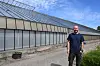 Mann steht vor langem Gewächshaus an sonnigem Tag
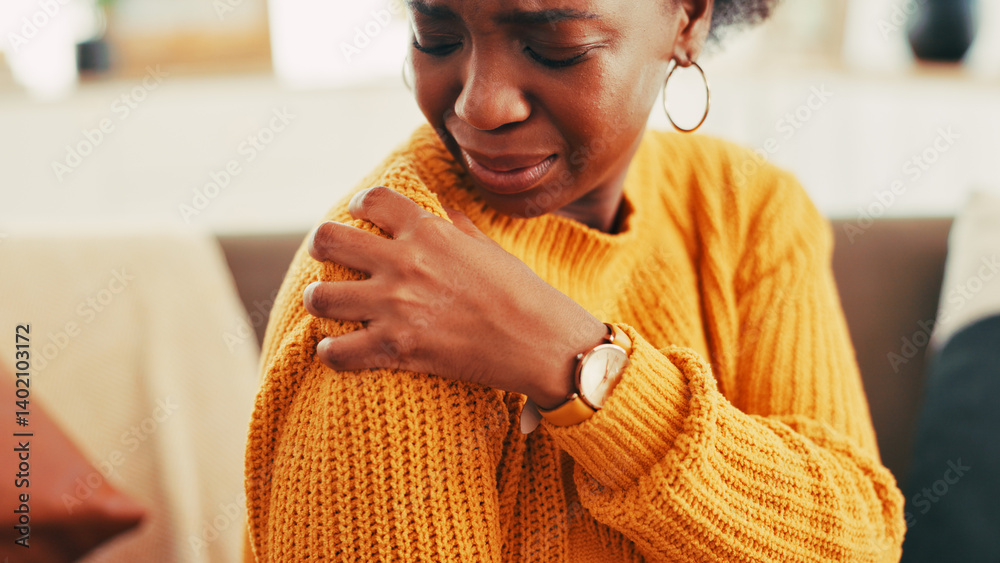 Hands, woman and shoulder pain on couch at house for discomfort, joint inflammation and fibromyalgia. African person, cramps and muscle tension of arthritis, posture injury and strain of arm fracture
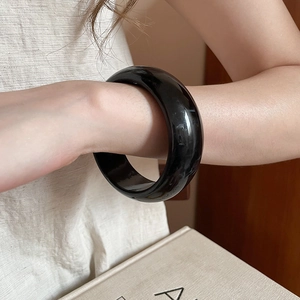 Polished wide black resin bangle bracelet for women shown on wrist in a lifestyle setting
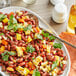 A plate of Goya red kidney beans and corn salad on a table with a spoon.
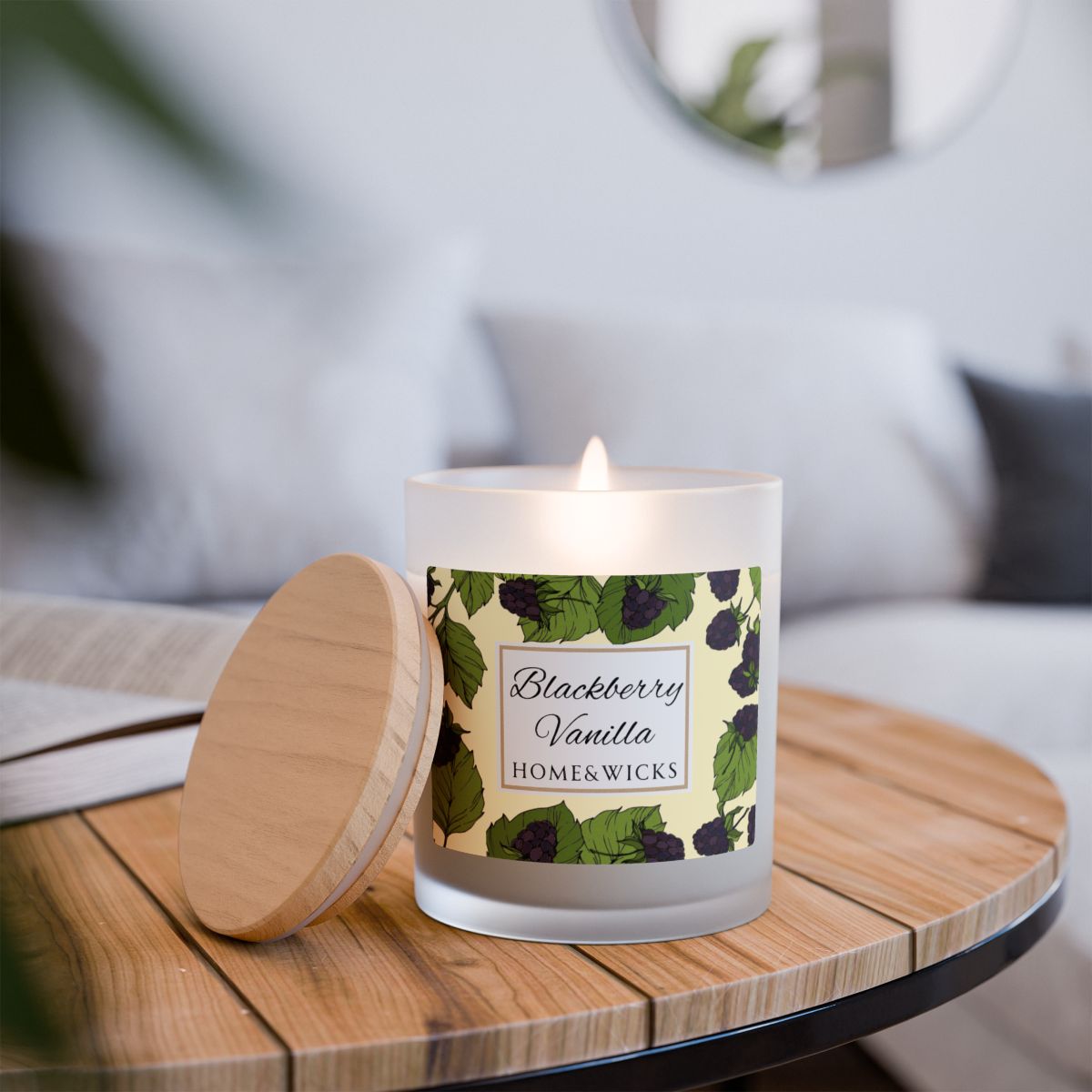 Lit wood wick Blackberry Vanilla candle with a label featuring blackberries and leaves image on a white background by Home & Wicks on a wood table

### Problem requirements
Would you copy out every line of the data above exactly, minus the pictures?

### Reply to the task
 Mann steht vor langem Gewächshaus an sonnigem Tag
 Hands, woman and shoulder pain on couch at house for discomfort, joint inflammation and fibromyalgia. African person, cramps and muscle tension of arthritis, posture injury and strain of arm fracture
 Polished wide black resin bangle bracelet for women shown on wrist in a lifestyle setting
 A plate of Goya red kidney beans and corn salad on a table with a spoon.
 Lit wood wick Blackberry Vanilla candle with a label featuring blackberries and leaves image on a white background by Home & Wicks on a wood table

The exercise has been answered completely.